17 setembro 2010

Mourinho coloca futuro na persuasão de Madaíl

O treinador do Real Madrid, José Mourinho, revelou esta sexta-feira que estaria interessado em orientar a selecção nacional nos dois jogos da fase de qualificação do Euro 2012 em Outubro, mas tudo vai depender da conversa do presidente da federação portuguesa, Gilberto Madaíl, com o seu homólogo do clube merengue, Florentino Perez.

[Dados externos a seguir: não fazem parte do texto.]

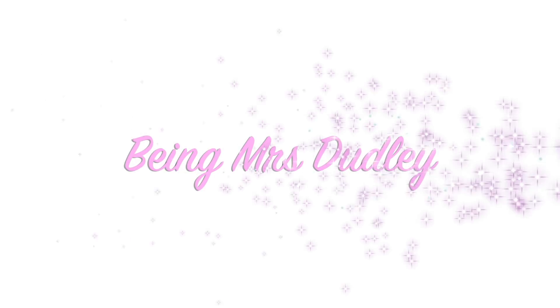Hi guys, welcome back to my channel. Today I am going to be showing you how to do DIY LVL lashes. So if you're interested in seeing how I've got on, just continue.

Antes de começar Mourinho revelou o teor da conversa que teve com Madaíl:
«De um modo objectivo e emocional, Gilberto Madaíl pediu-me que, lembrando o facto de os campeonatos pararem durante 15 dias nesse período e o facto de saber que hé debandada geral nessa altura, não deveria ter uma grande influência no meu trabalho no Real, e se podia aceitar tentar ajudar a selecção nesses dois jogos que são decisivos, que podem abrir a porta da qualificação do Euro ou afastar».

Depois o técnico revelou a sua resposta:
«Não ficaria bem comigo mesmo se recusasse o pedido de Madaíl, não ficaria bem com o meu orgulho de ser português. Mas não posso dizer que «Sim» porque sou treinador do Real e tenho um trabalho em mãos que me apaixona e que terminará daqui a quatro anos, espero eu. Mas como não fui objectivamente capaz de dizer «Não», entreguei a capacidade de persuasão de Madaíl o meu futuro, já que ele terá de conversar com o Real. A partir de agora estou fora de jogo, das conversas e das decisões.»

Mourinho ressaltou ainda na conferência que não é ele quem pode salvar a selecção:
«Não é um treinador com dois ou três treinos que pode reverter a actual situação. São os jogadores que devem ir para a selecção como uma missão e não como se fossem passear a sua classe e prestígio que conquistam nos clubes; é a imprensa portuguesa que deve ter a missão de unir a seleccção; e são os adeptos que devem encher os estádios e empurrarem os jogadores. A minha ajuda seria muito limitada.»
O treinador do Real relembrou também que já tinha revelado o seu desejo de orientar a selecção, «mas daqui a 20 anos, quando poderei trabalhar em full time, com total disponibilidade e sem limitação. Mas também é verdade que há algum tempo disse sempre que, num momento de aflição, nunca diria não.»
Curiosa foi a afirmação de Mourinho quando disse que não ganharia nada na selecção, pelo contrário, «só teria a perder. Felizmente não preciso de trabalho. Estou sentado na cadeira em que 99,99% dos treinadores de todo o Mundo gostariam de estar sentados».